TITLE:
A Scalable Multidimensional Data Warehouse with Machine Learning for Real-Time Diabetes Management in Bangladesh
AUTHORS:
Md. Al Mamun, Omar Faruq Tanim, Dulal Chakraborty, Muhammad Saidur Rahman, Mohammad Shorif Uddin
KEYWORDS:
Dimension, Fact Table, ETL, GUI, Aggregate, Query, Accuracy
JOURNAL NAME:
Journal of Computer and Communications,
Vol.14 No.6,
June
26,
2026
ABSTRACT: Purpose: Diabetes presents a major public health challenge in Bangladesh, demanding effective data-driven solutions for improved disease monitoring and management. This study aims to design and implement a scalable, multidimensional data warehouse integrated with statistical and machine learning techniques to support batch-based diabetes monitoring, prediction, and decision-making.
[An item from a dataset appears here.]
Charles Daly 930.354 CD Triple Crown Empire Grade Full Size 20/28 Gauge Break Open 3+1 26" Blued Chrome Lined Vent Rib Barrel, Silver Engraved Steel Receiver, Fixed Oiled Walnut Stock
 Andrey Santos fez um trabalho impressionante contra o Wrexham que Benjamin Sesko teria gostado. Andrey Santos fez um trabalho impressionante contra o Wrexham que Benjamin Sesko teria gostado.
The key research question is: Can a unified data-driven framework improve diabetes classification accuracy and provide actionable clinical insights for healthcare systems in Bangladesh? Methods: Clinical and demographic data from selected hospitals were consolidated into a centralized data warehouse. A Python-based GUI enabled interactive data access and visualization. Statistical analyses (ANOVA, Chi-square) assessed associations between demographic, clinical, and lifestyle factors. For predictive modeling, supervised learning algorithms—Logistic Regression, Decision Tree, Multilayer Perceptron (MLP), and LightGBM—were trained and evaluated for diabetes type classification. Results: Statistical analysis revealed significant associations between gender, treatment cost, and patient satisfaction; blurred vision and diabetes longevity; and lifestyle habits and weight loss. Among the machine learning models tested, Logistic Regression demonstrated the best overall performance, achieving 81.25% accuracy, 82.07% precision, 81.3% recall, an F1-score of 81.48%, a ROC-AUC of 0.8278, and a log loss of 0.5029. Conclusions: The integrated data warehouse and machine learning framework offers a scalable, batch-based prediction system for diabetes management in Bangladesh. It combines statistical insights with predictive modeling to support clinical decision-making and is adaptable across healthcare settings. This approach meets the urgent need for actionable, data-driven insights into chronic disease care and advances the country’s digital health transformation.